### What to work on
Lower down are entries containing pictures. Copy exactly, without those pictures, the lines from the line with "Apr 2021 Volvo" through the line with "Single Family Riverside".

### The data

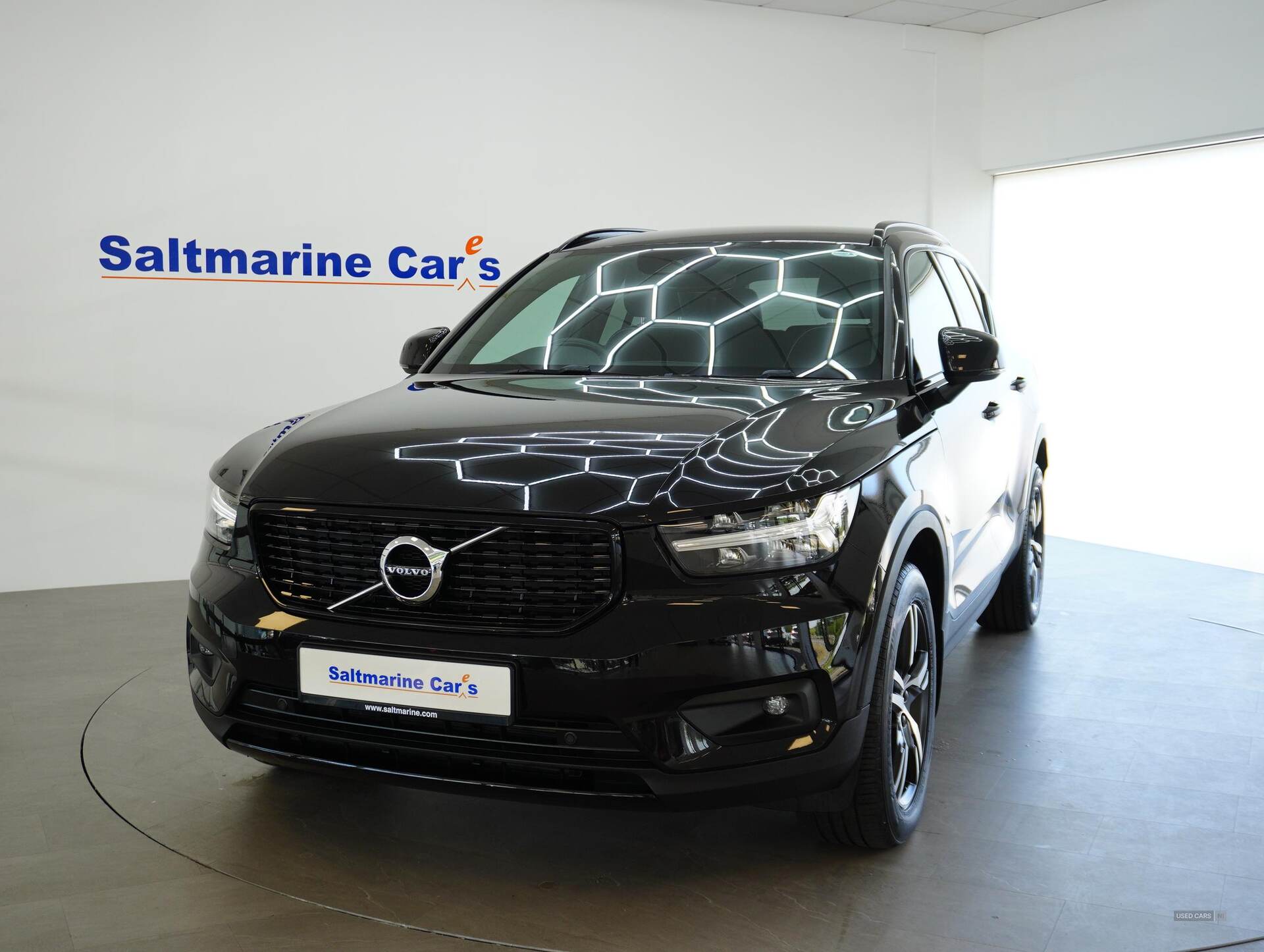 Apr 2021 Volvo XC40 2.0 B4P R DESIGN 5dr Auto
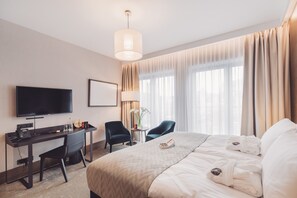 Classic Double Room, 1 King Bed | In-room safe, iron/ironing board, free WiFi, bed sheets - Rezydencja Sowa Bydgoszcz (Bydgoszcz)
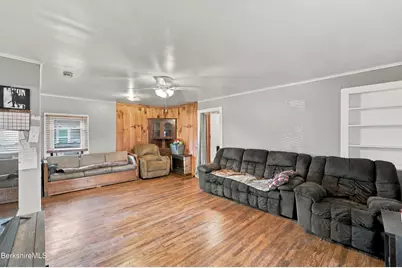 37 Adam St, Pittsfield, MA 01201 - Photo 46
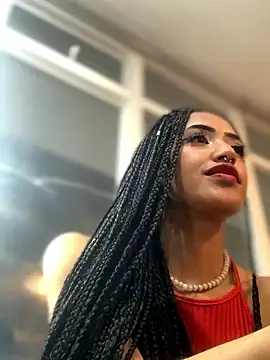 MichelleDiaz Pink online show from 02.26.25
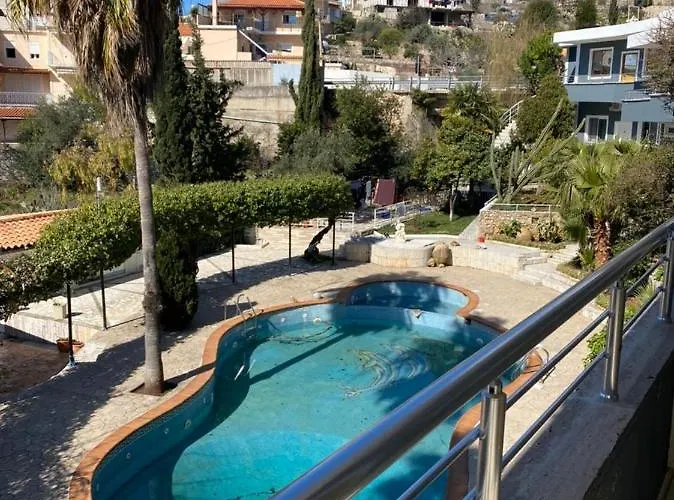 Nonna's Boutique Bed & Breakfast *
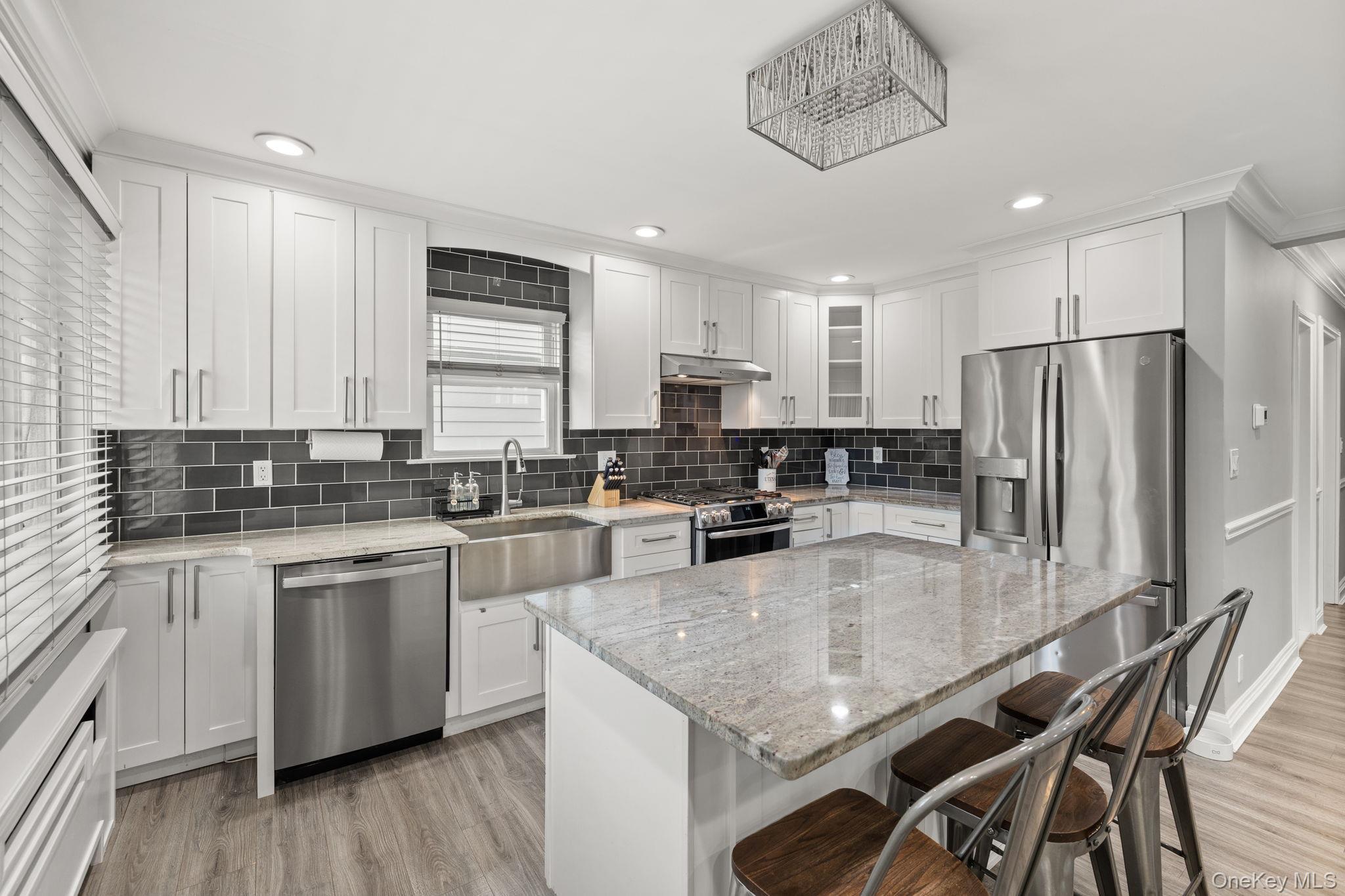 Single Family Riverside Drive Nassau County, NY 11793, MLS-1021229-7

######
### The data

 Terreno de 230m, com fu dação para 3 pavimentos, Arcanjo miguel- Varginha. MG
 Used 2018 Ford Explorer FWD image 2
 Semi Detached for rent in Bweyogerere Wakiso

######

### Exercise answer
 Apr 2021 Volvo XC40 2.0 B4P R DESIGN 5dr Auto
 Classic Double Room, 1 King Bed | In-room safe, iron/ironing board, free WiFi, bed sheets - Rezydencja Sowa Bydgoszcz (Bydgoszcz)
 37 Adam St, Pittsfield, MA 01201 - Photo 46
 MichelleDiaz Pink online show from 02.26.25
 Nonna's Boutique Bed & Breakfast *
 Single Family Riverside Drive Nassau County, NY 11793, MLS-1021229-7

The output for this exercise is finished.